YOUR TASK: Ignore the pictures in the data below and set down exactly the lines from its first line through the line containing "Golden Pearl Polki Kundan Necklace Set".

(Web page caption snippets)
+===+
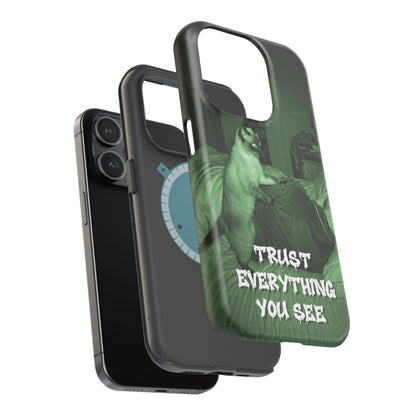 Phone Case 'Trust Everything You See' Green Dog Photo Magnetic Impact-Resistant Case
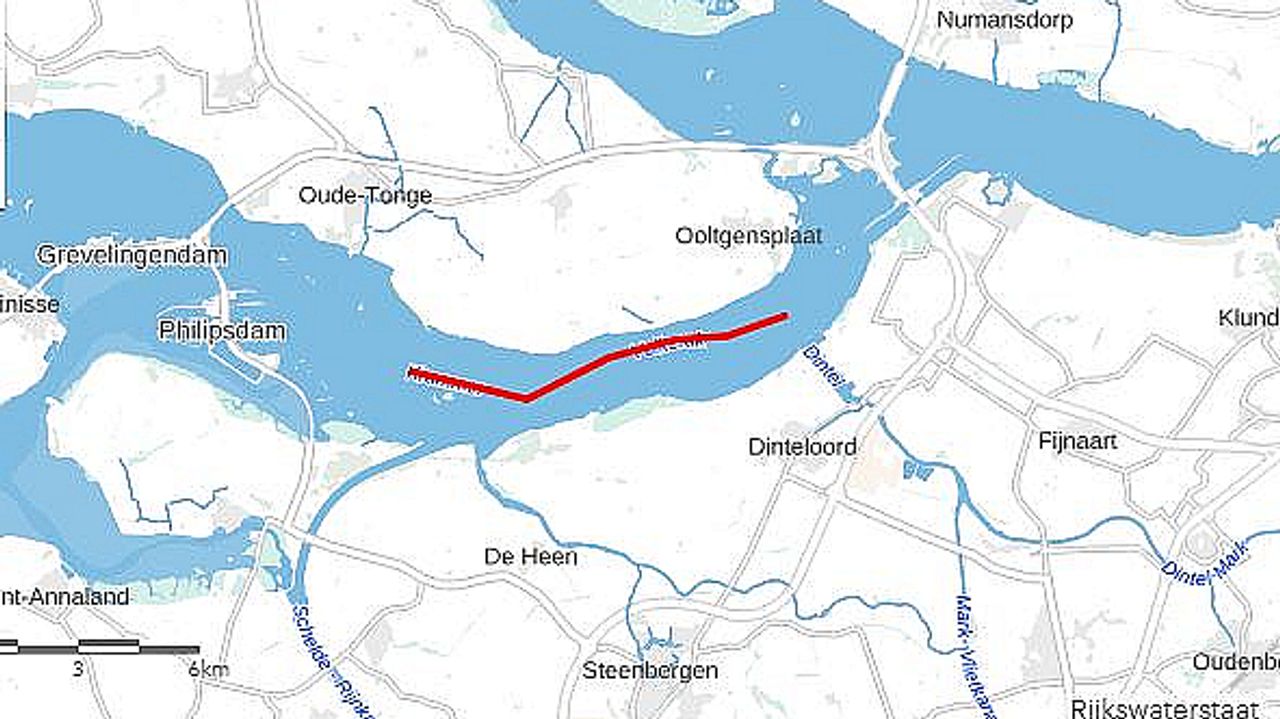 De rode lijn is het Volkerak (kaartje: Rijkswaterstaat)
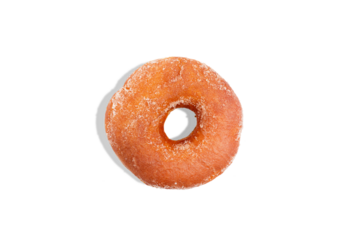 Delicious traditional donut with sugar and cinnamon isolated on blue background. Modern food concept. Advertising for pastry shops, cafes.	
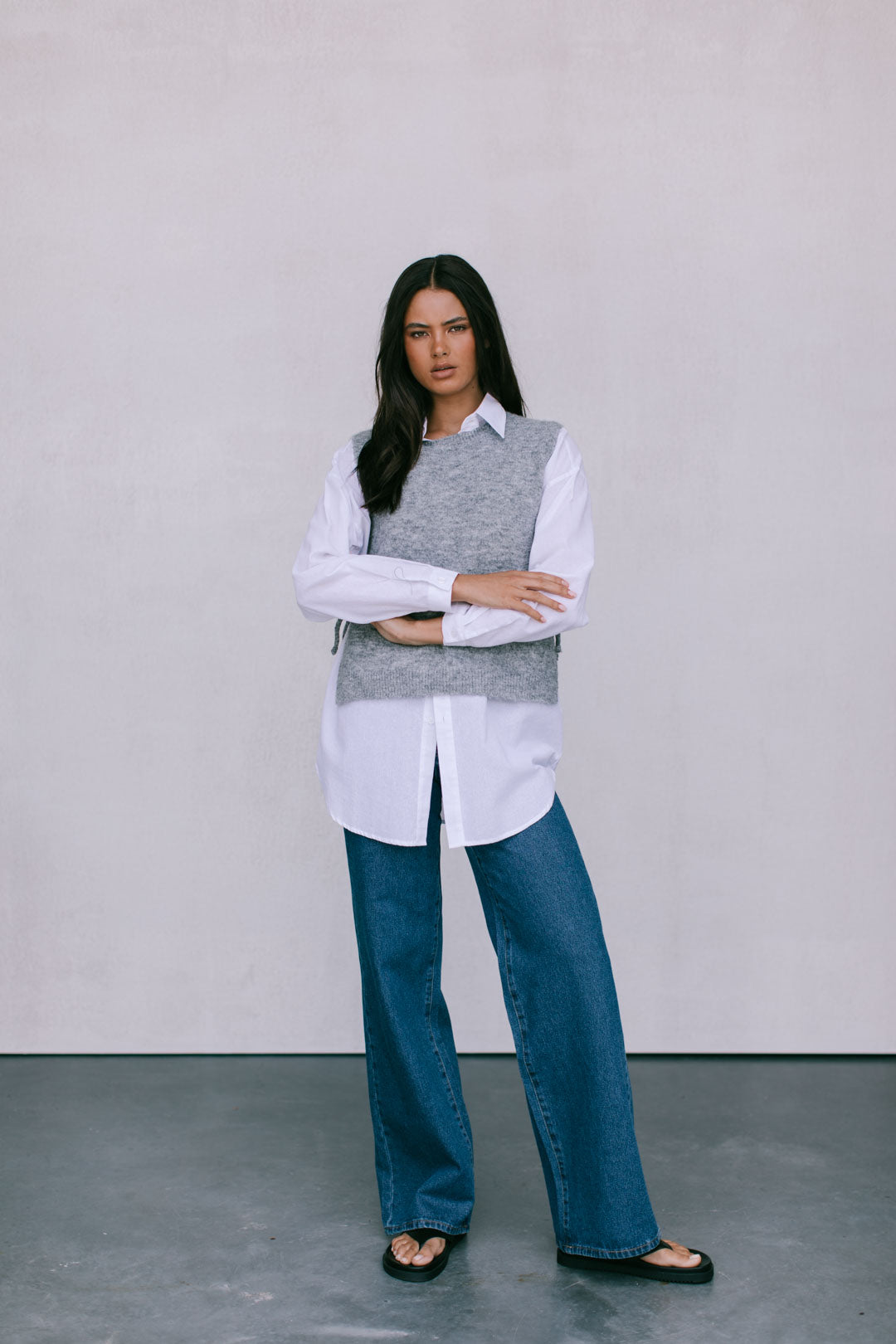 Hattie Vest Grey Marle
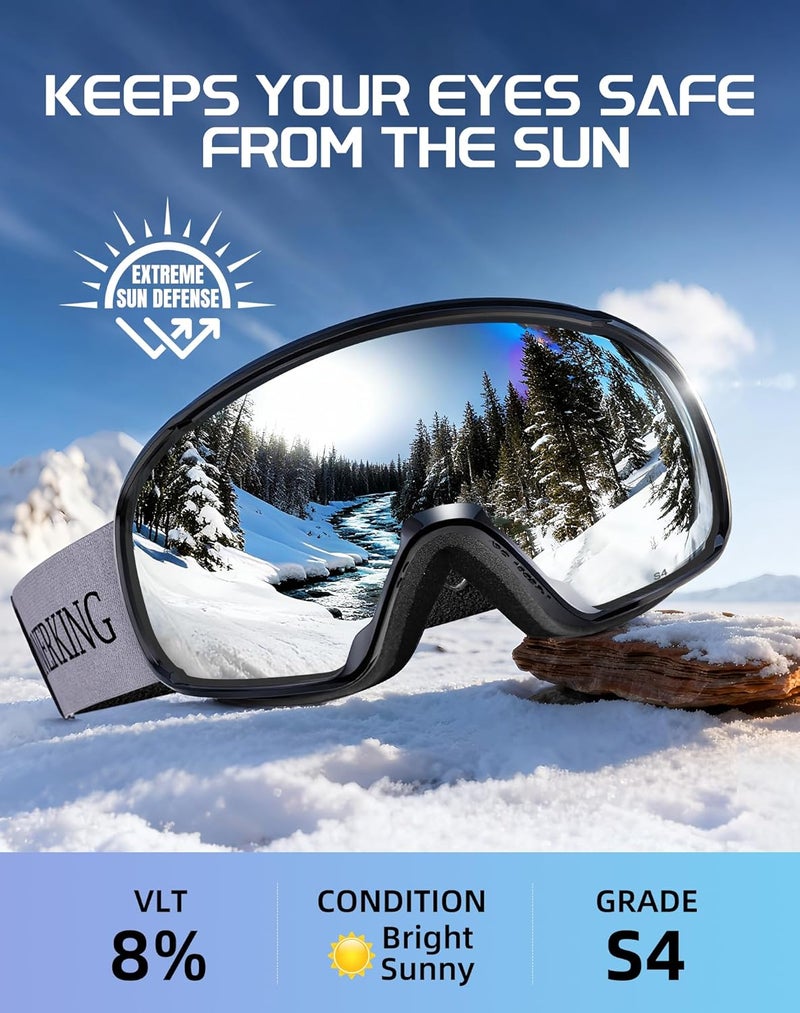 Innerking OTG Ski Goggles SGS Approved, Over Glasses Snow Snowboarding Winter Goggles Anti Fog for Adult, Youth, Men Women - Image 4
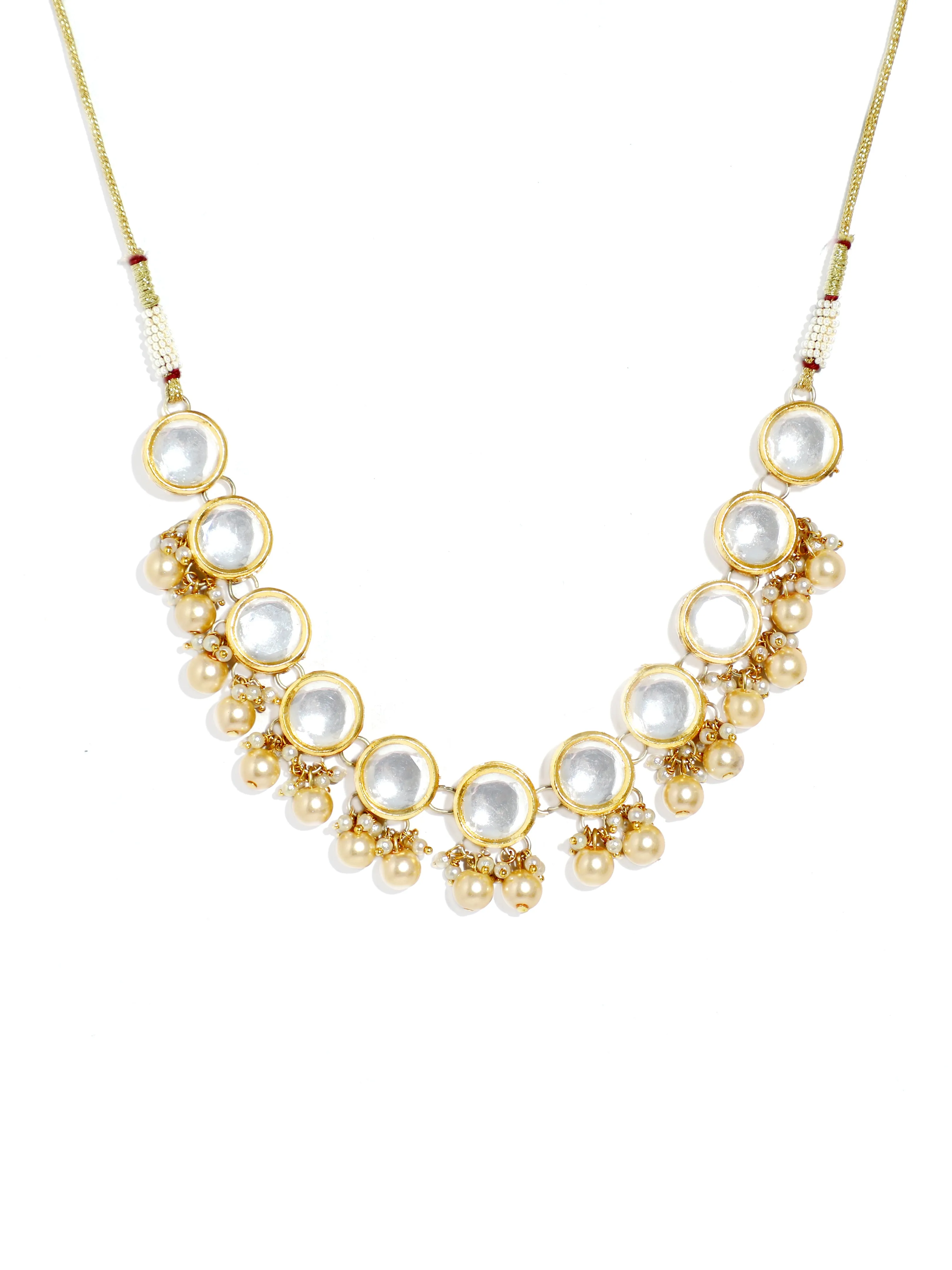 Golden Pearl Polki Kundan Necklace Set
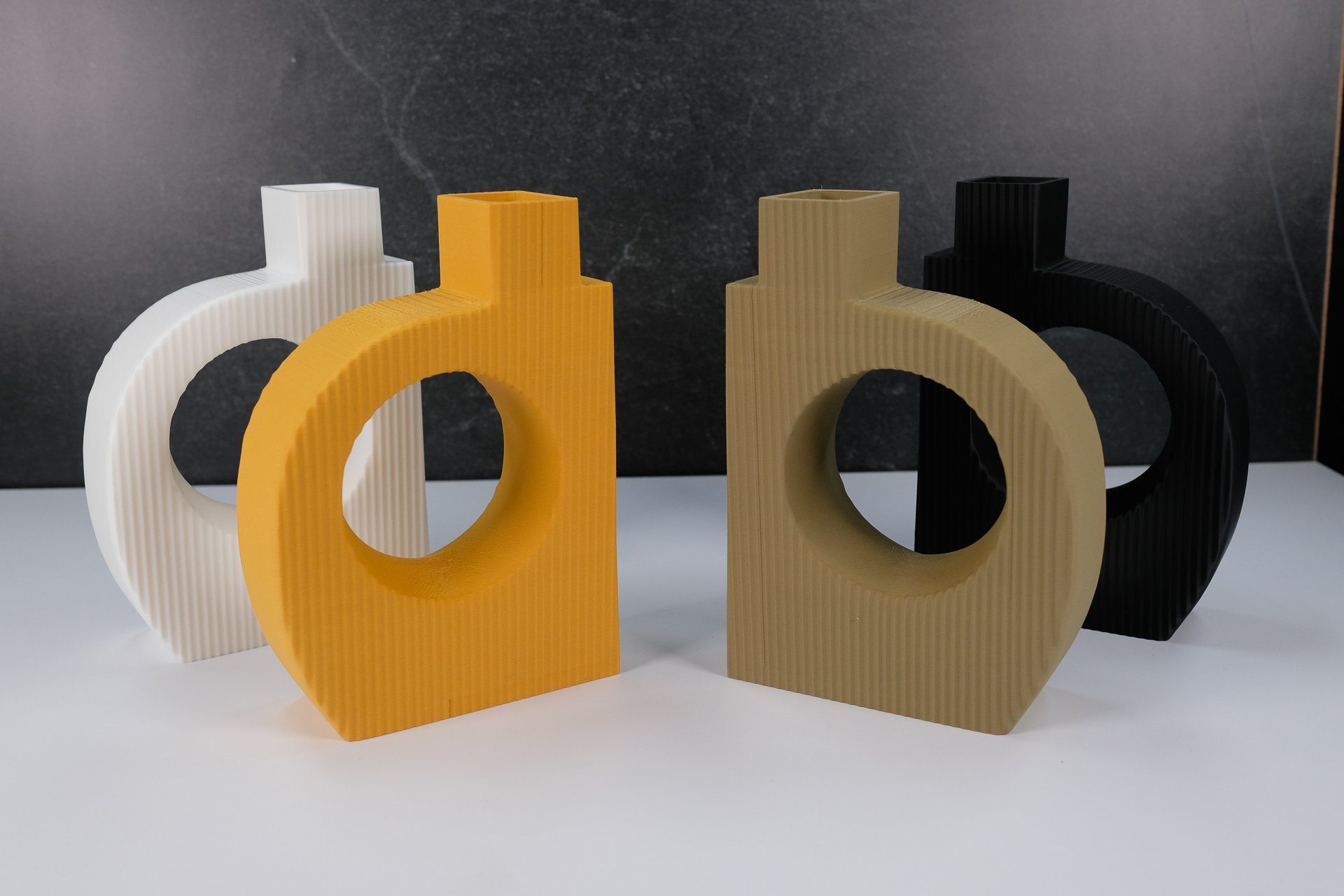 Ribbed Round Geometry Vase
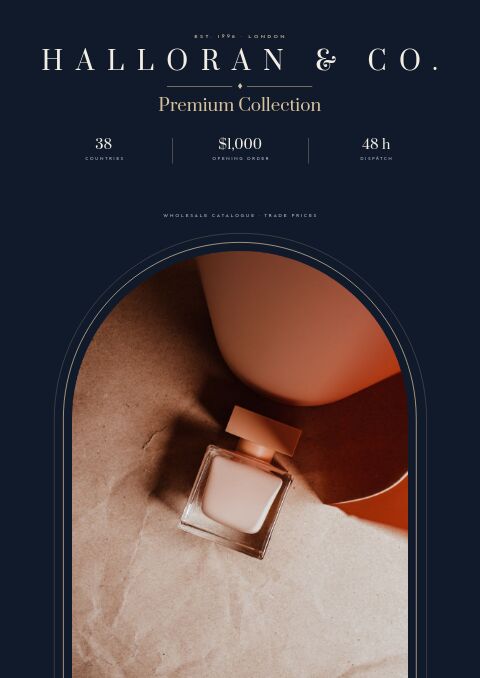 Navy catalog cover with a perfume bottle photo inside a tall arch, a spaced serif house name and three key figures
+===+
YOUR RESPONSE:
 Phone Case 'Trust Everything You See' Green Dog Photo Magnetic Impact-Resistant Case
 De rode lijn is het Volkerak (kaartje: Rijkswaterstaat)
 Delicious traditional donut with sugar and cinnamon isolated on blue background. Modern food concept. Advertising for pastry shops, cafes.	
 Hattie Vest Grey Marle
 Innerking OTG Ski Goggles SGS Approved, Over Glasses Snow Snowboarding Winter Goggles Anti Fog for Adult, Youth, Men Women - Image 4
 Golden Pearl Polki Kundan Necklace Set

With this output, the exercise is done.